I found to my surprise on the Maharashtra Government website's Gazetteer Department page, the mention of Madhavrao Tipnis. It listed the men who had significantly contributed to the region called Kolaba, now known as Raigad District. It said :

Thus a vacuum was, as it were, created in the social life of Kolaba, and although a number of illustrious persons, who later distinguished themselves in Bombay, hailed from Kolaba, the region did not get the benefit of their leadership. The late Mr. Rambhau Mandlik of Pen (1881-1958) who was for many years a member of the Bombay legislature was known to be a fearless constitutional fighter against the British Government, and he often made the Government officers uneasy in their seats by his persistence in pursuing a cause once taken up by him. Amongst some of the men of literary fame, we may note the late Mr. Sankar Balkrsna Diksit of Revadanda, the author of 'Jyotir-vilas', the late Mr. Balkrsna Anant Bhide, a well-known Marathi Scholar of Murud-Janjira and the late Principal G. C. Bhate, an active advocate of social reform coming from Mahad. The late Mr. S. M. Paranjape, champion of revolutionary nationalism and the editor of a weekly Marathi journal 'Kal' belonged to Mahad and the famous actor of Maharashtra Natak Mandali, Madhavrav Tipnis also belonged to the same place. In recent years Dr. Am-bedkar made Mahad as if it were his home town and started his famous satyagraha of the untouchables in 930 for asserting their right of being allowed to take water from 'cavdar tale'. It was a historic incident. It may also be noted in passing that Mahamahopadhyaya D. V. Potdar, Mr. C. D. Deshmukh. the ex-Finance Minister of India, also belong to Kolaba district.

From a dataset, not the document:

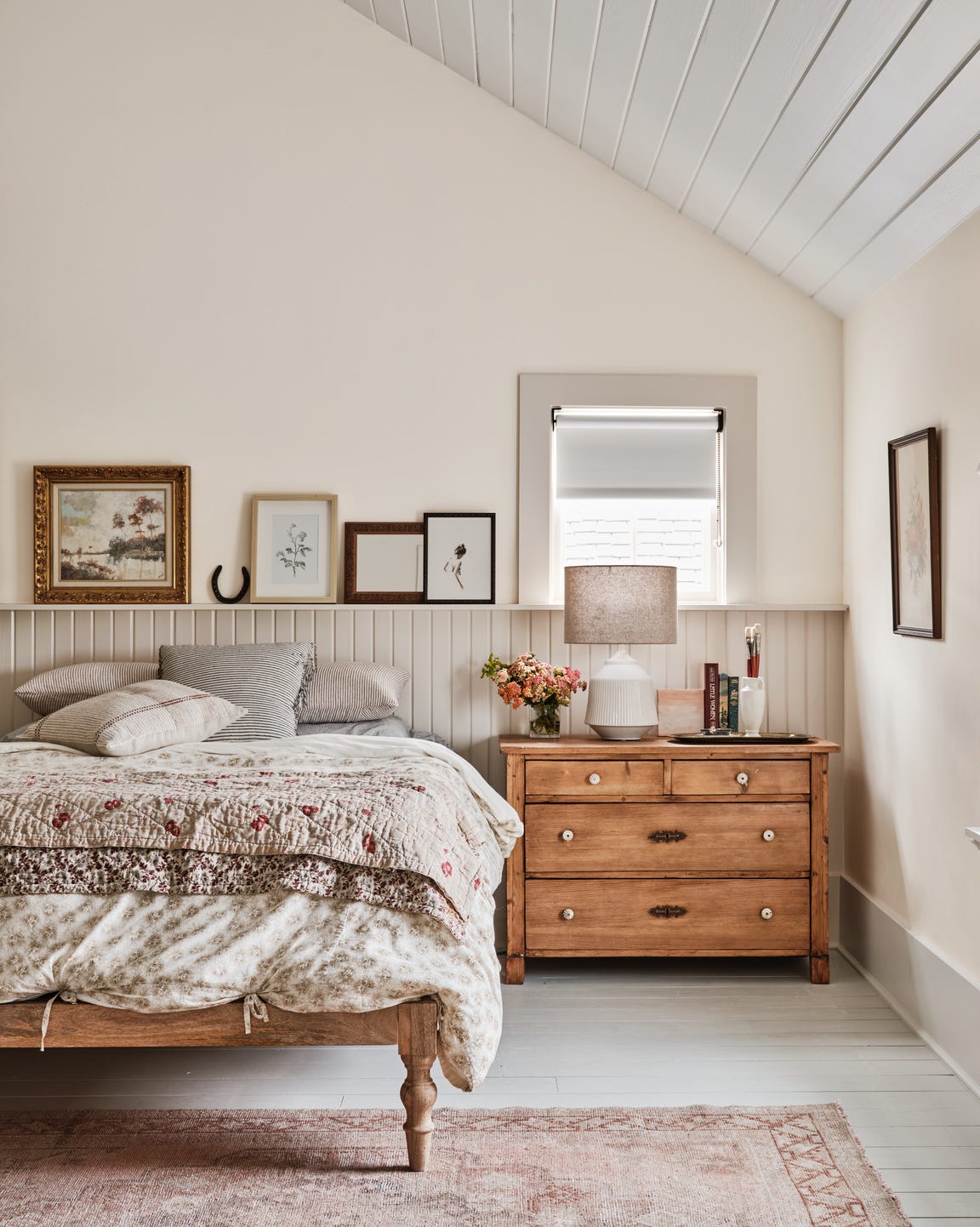 Cozy Farmhouse Bedroom with Whitewashed Wood and Floral Textiles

In an attempt to trace my past and family history I had started recording stories that my grand father told me. But what lies virtually undiscovered is the history of his father's traveling theatre company, the Maharashtra Natak Mandali. From now I will try to piece together the history of this company through the photographs, documents and of course (cell phone) conversations with papa ajoba.